Jesus, the Cure to Pessimism
Do you know that against this pessimistic and fearful backdrop, Jesus Christ offers real hope. He gives everyone the opportunity to become right with God and his fellowman. Thus Christianity offers a full life to those who will accept Jesus: “I came so that everyone would have life, and have it in its fullest” (John 10:10).
And this abundant life never ends. There is a hope of life everlasting based upon the promises of God in Jesus Christ. Jesus said, “I am the one who raises the dead to life. Everyone who has faith in me will live, even if they die. And everyone who lives because of faith in me will never really die” (John 11:25-26 – CEV). That’s a tremendous reason to be an optimist, not a pessimist.
What I’m saying is this. In a changing world, there exists an unchanging God whose world lasts forever. “The grass withers, the flower fades: but the word of our God will stand forever” (Isaiah 40:8 – ESV), and God himself never changes, “Jesus Christ the same yesterday, and today, and forever” (Hebrews 13:8).
Everyone who lives in me and believes in me will never ever die. (John 11:26 – NLT)

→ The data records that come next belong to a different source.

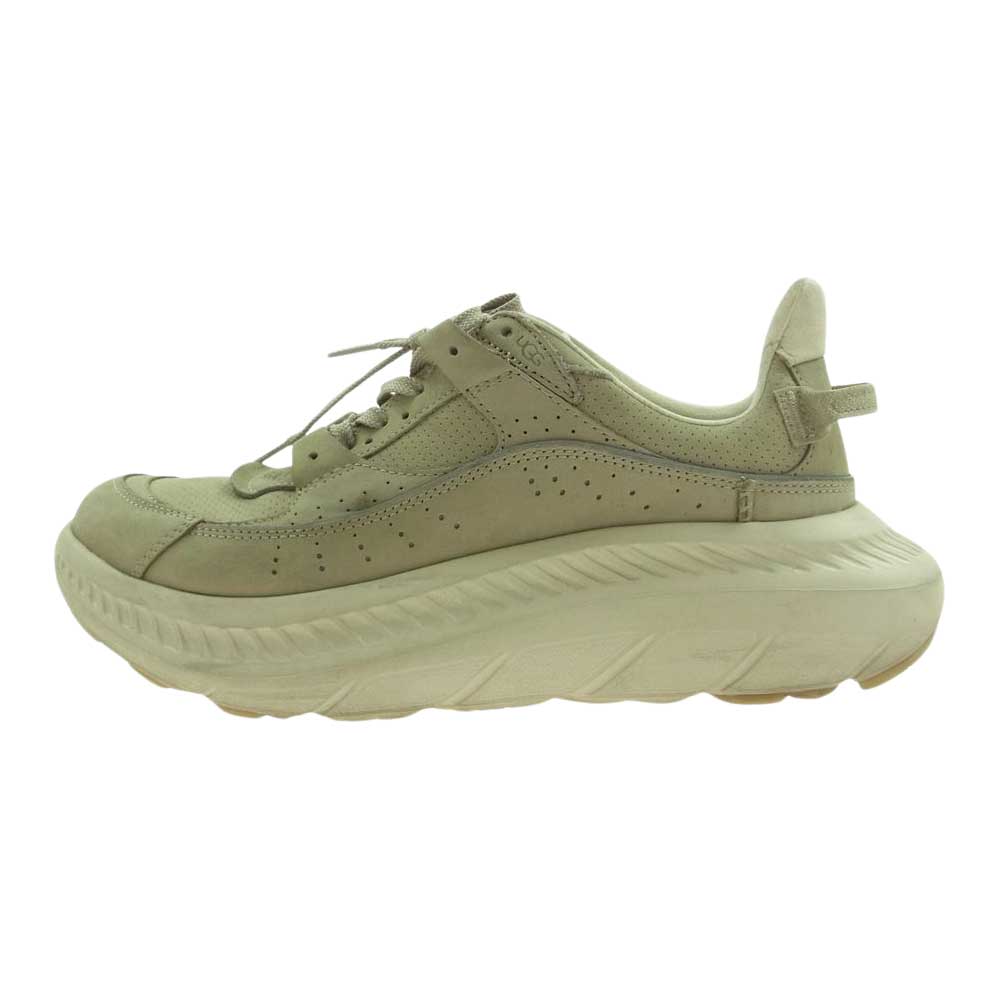 UGG アグ 1127111 CA805 V2 Nubuck ヌバック スニーカー ライトブラウン系 US9【中古】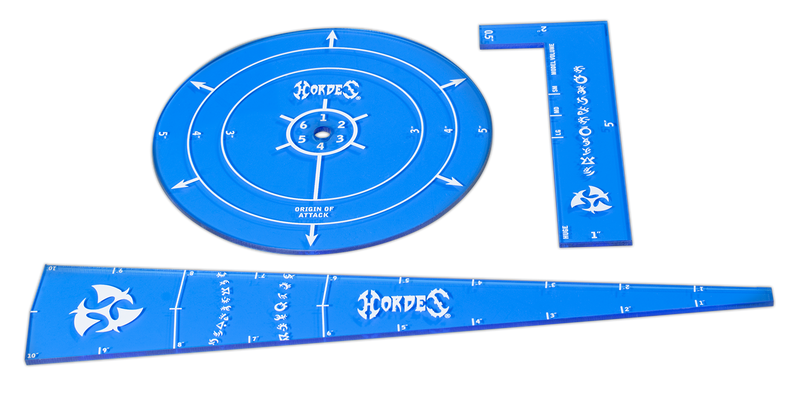 Trollbloods Template Set - PIP91137 (Online Only)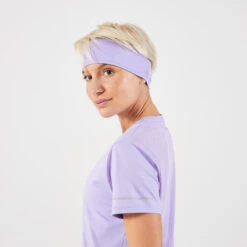 Bandeau Running Homme Femme - KIPRUN Lavande 8 Bandeau Running Homme Femme - KIPRUN Lavande -Magasin De Sport bandeau running homme femme kiprun lavande 2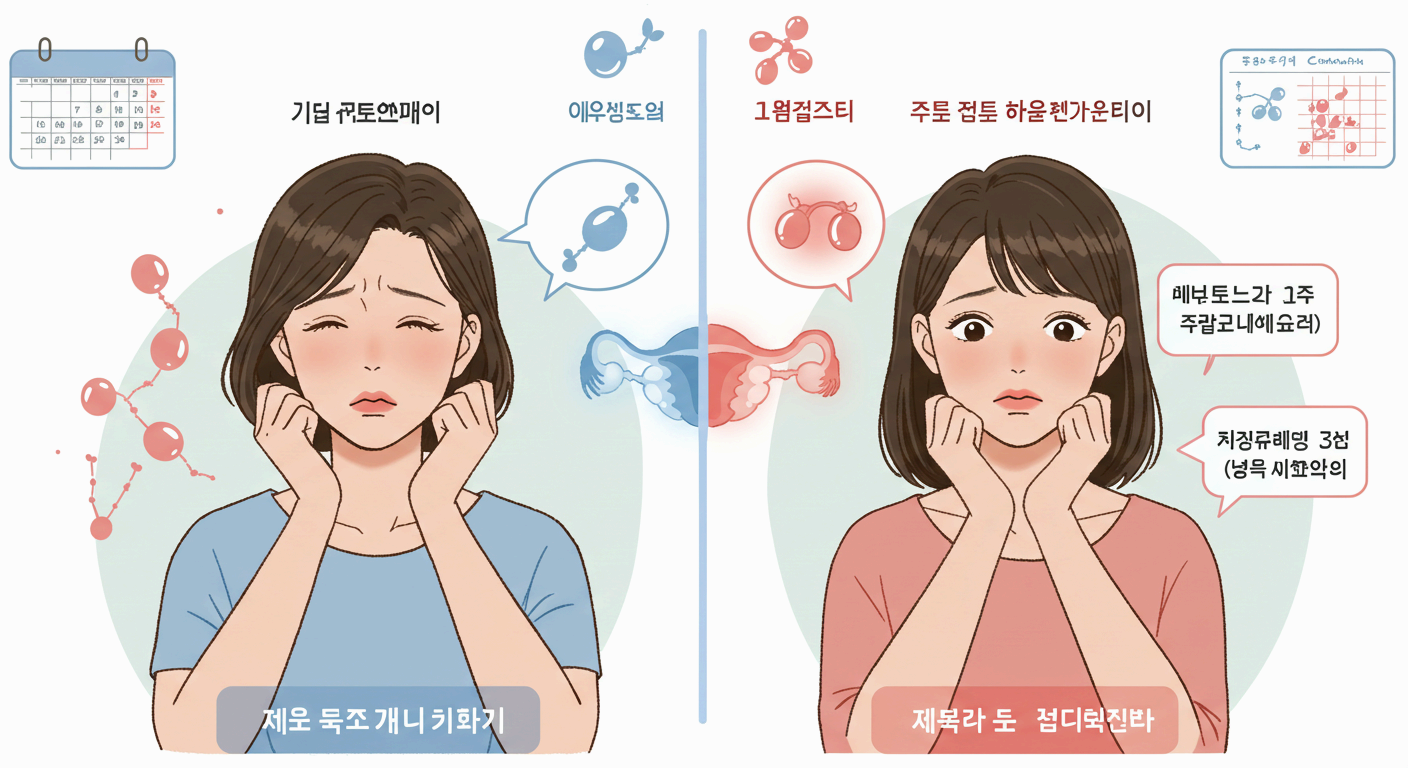 갱년기 열 오르는증상&amp;#44; 극복방법 (+갱년기 증상 자가진단)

No wonder the Apostle Paul could write these words just before his impending death:
For I am already being poured out as a drink offering, and the time of my departure has come. I have fought the good fight, I have finished the course, I have kept the faith; in the future there is laid up for me the crown of righteousness, which the Lord, the righteous Judge, will award to me on that day; and not only to me, but also to all who have loved His appearing. (2 Timothy 4:6–8 – NASB).
Christianity offers the world a genuine hope. You may have a tendency to blame yourself when things go wrong. You need to encourage yourself and accept that while bad things do happen, things don’t always go badly, it is not always your fault, and things can get better. Practice giving yourself words of comfort.
God has a fabulous plan that includes you and me. And so he puts us in places and positions that we can’t even imagine today. Give God time and watch him move. Give God an opportunity to have his way with you. Don’t drop the curtain on tomorrow. God has a beautiful plan for your life and mine.